The gang of menacing thugs was ruthless – and apparently free of any concerns for the well-being of their own children.
That is before we come to their innocent victims, with one blameless property owner left an astonishing £300,000 poorer.
Yet at six separate locations, over just 11 months, the criminals’ modus operandi was almost identical and calmly methodical.
The group of Irish travellers, led by Martin Ward, 53, with Patrick Doherty, 42, acting as lieutenant, would arrive at a vacant car park or other empty site between Croydon and Wimbledon in south-west London. Each spot was carefully chosen for being ‘easy to control’.

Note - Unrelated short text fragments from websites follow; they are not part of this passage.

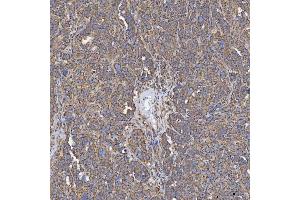 IHC analysis of SEC23IP using anti-SEC23IP antibody (ABIN7601222).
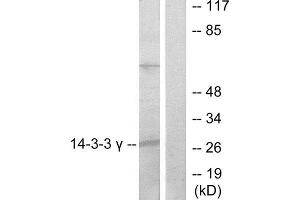 Western Blotting (WB) image for anti-14-3-3 gamma (YWHAG1) (Internal Region) antibody (ABIN1850146) (14-3-3 gamma 抗体  (Internal Region))
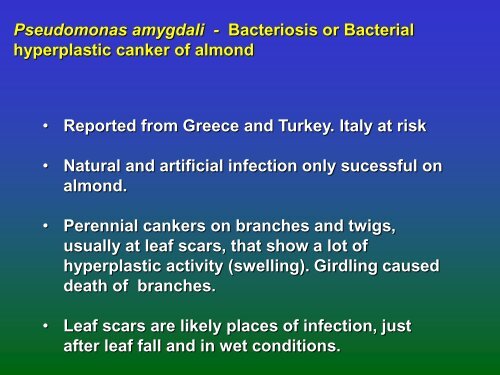 Of Stone Fruit Bacterial Pathogens - Cost 873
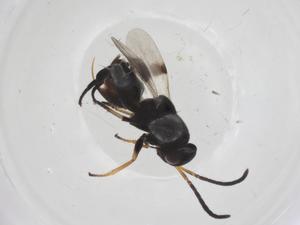  ( - CBG-A56751-D06)  @11 [ ] CreativeCommons - Attribution Share - Alike (2024) Centre for Biodiversity Genomics Centre for Biodiversity Genomics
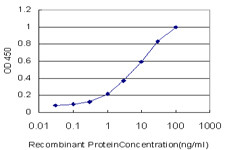 EGR1 Antibody in ELISA (ELISA)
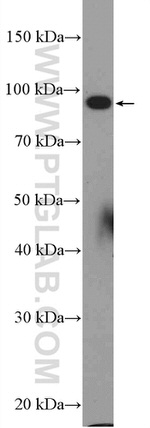 C15orf39 Antibody in Western Blot (WB)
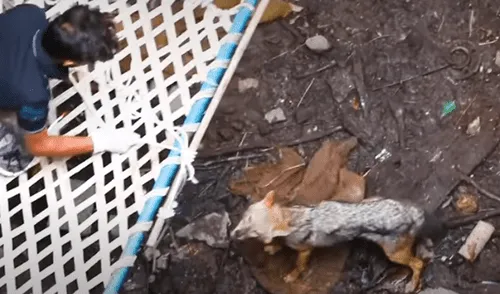 YouTube viral: pequeño zorro cae a profundo pozo y hombres arriesgan su vida para salvarlo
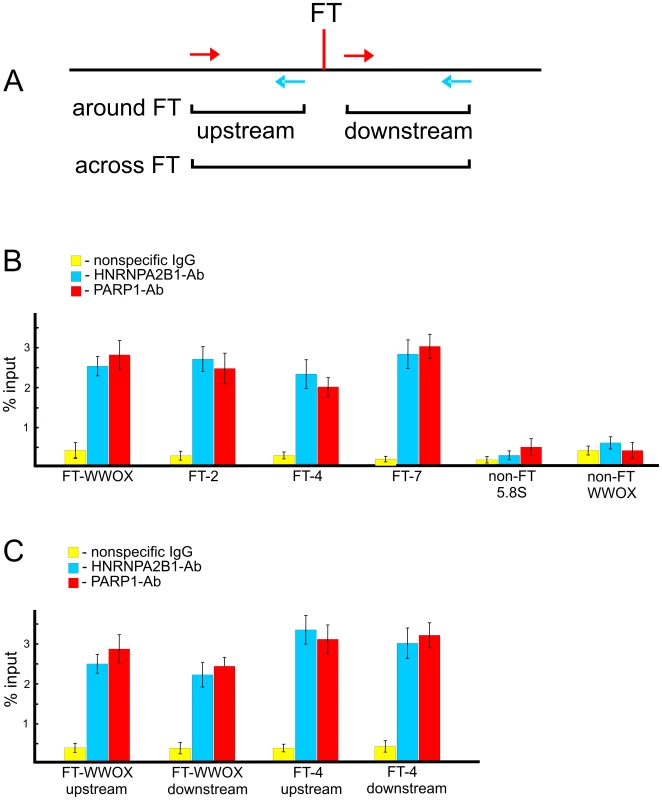 ChIP experiments using antibodies to PARP1 or to HNRNPA2B1.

First the gang would break in, ensuring they retained the ability to relock the gate with their own padlock. Wearing masks to conceal their faces, they would smash and disable any CCTV cameras they could reach. Height-restriction bars would be removed.
If any site owners dared show themselves, they would demand up to £15,000 in return for leaving – their leader adding on one occasion that, if unpaid, ‘I will fill this unit to the brim in two days’.
He meant fill it to the brim with rubbish of course – and charge those who fly-tipped lorry loads of refuse there for the privilege. For that was their filthy ‘dump-and-run’ business – and, regardless of police, bailiffs, or council officers, he really did live up to his word.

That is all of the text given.